Would you please repeat, word for word, only the lines from the one holding "Compañias de Pin" through the one holding "Cleansing Acne Removing" in the material below, without the pictures?

Material for the task:
--------------------------------
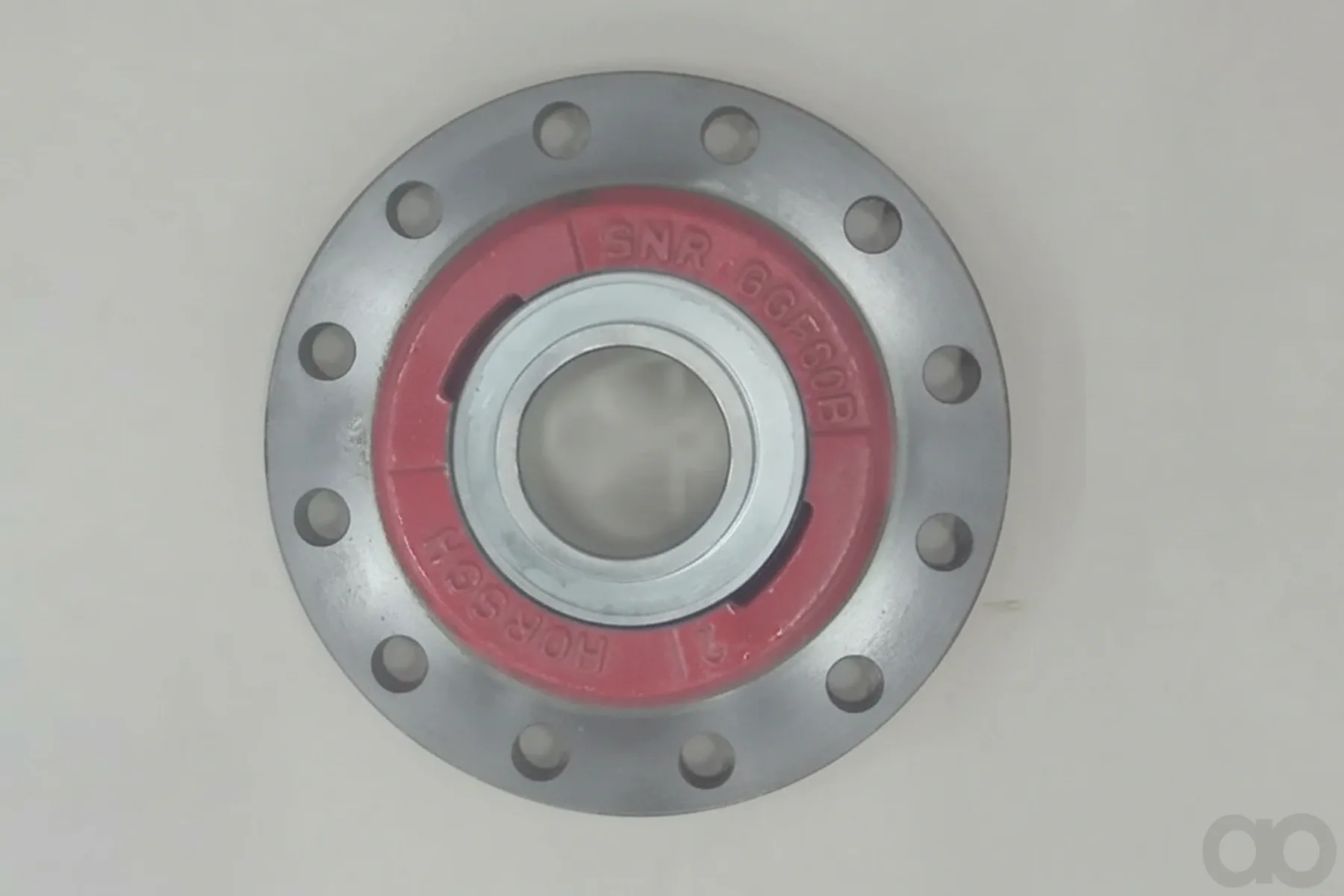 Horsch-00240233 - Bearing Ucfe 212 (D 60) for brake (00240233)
--------------------------------
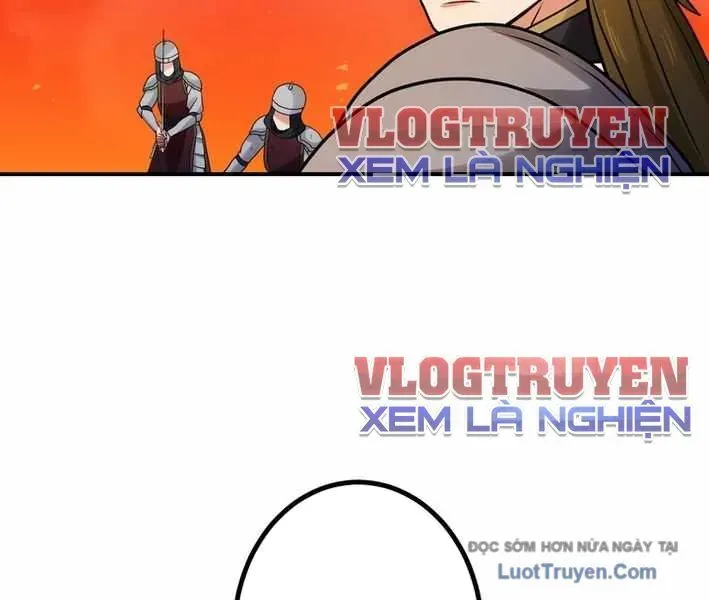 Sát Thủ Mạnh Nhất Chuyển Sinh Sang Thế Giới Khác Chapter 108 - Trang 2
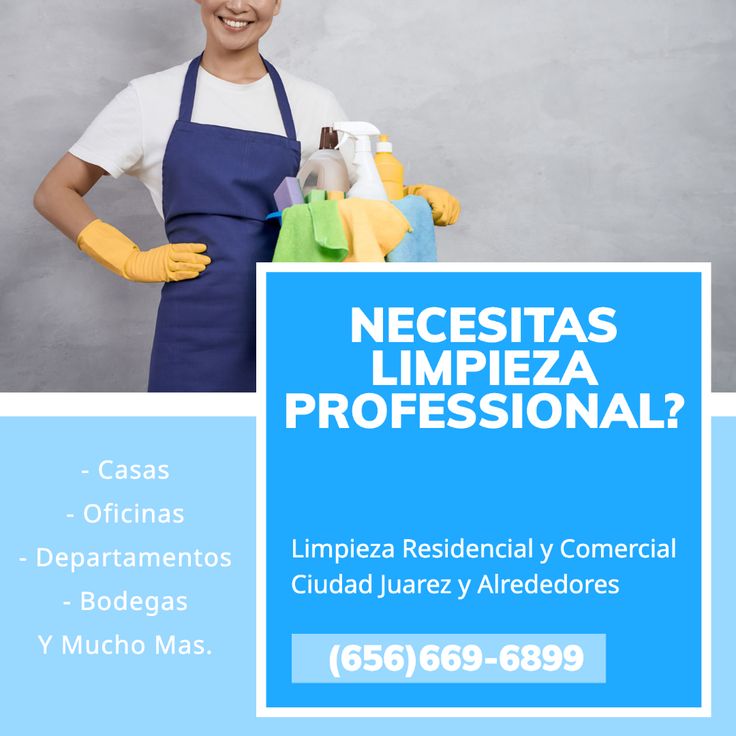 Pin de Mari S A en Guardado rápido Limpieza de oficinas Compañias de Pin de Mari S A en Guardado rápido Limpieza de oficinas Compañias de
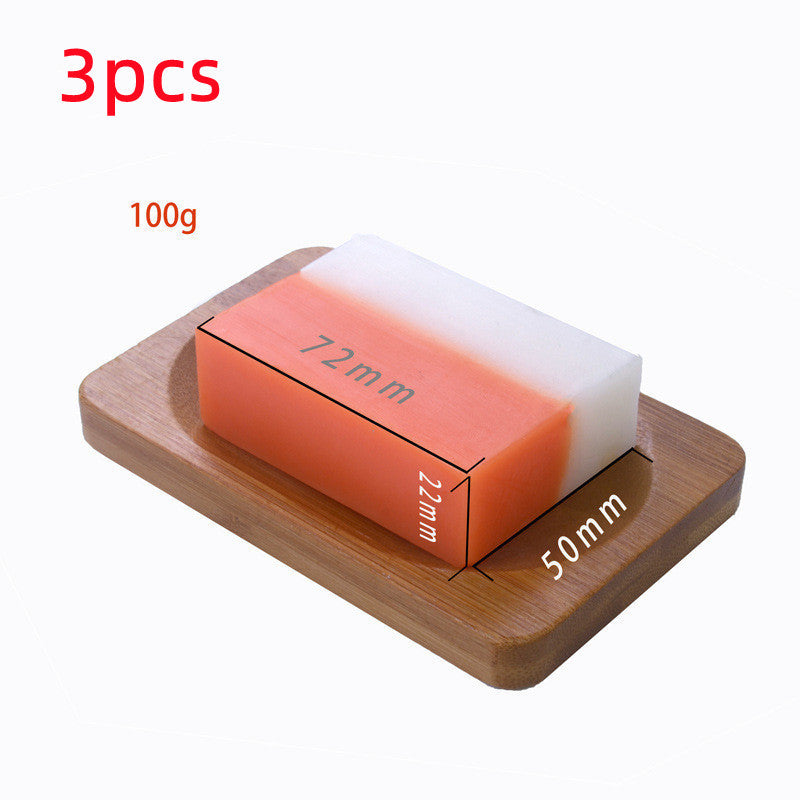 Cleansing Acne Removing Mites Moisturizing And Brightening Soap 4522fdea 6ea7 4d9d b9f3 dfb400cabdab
--------------------------------
Solution for this exercise:
 Pin de Mari S A en Guardado rápido Limpieza de oficinas Compañias de Pin de Mari S A en Guardado rápido Limpieza de oficinas Compañias de
 Cleansing Acne Removing Mites Moisturizing And Brightening Soap 4522fdea 6ea7 4d9d b9f3 dfb400cabdab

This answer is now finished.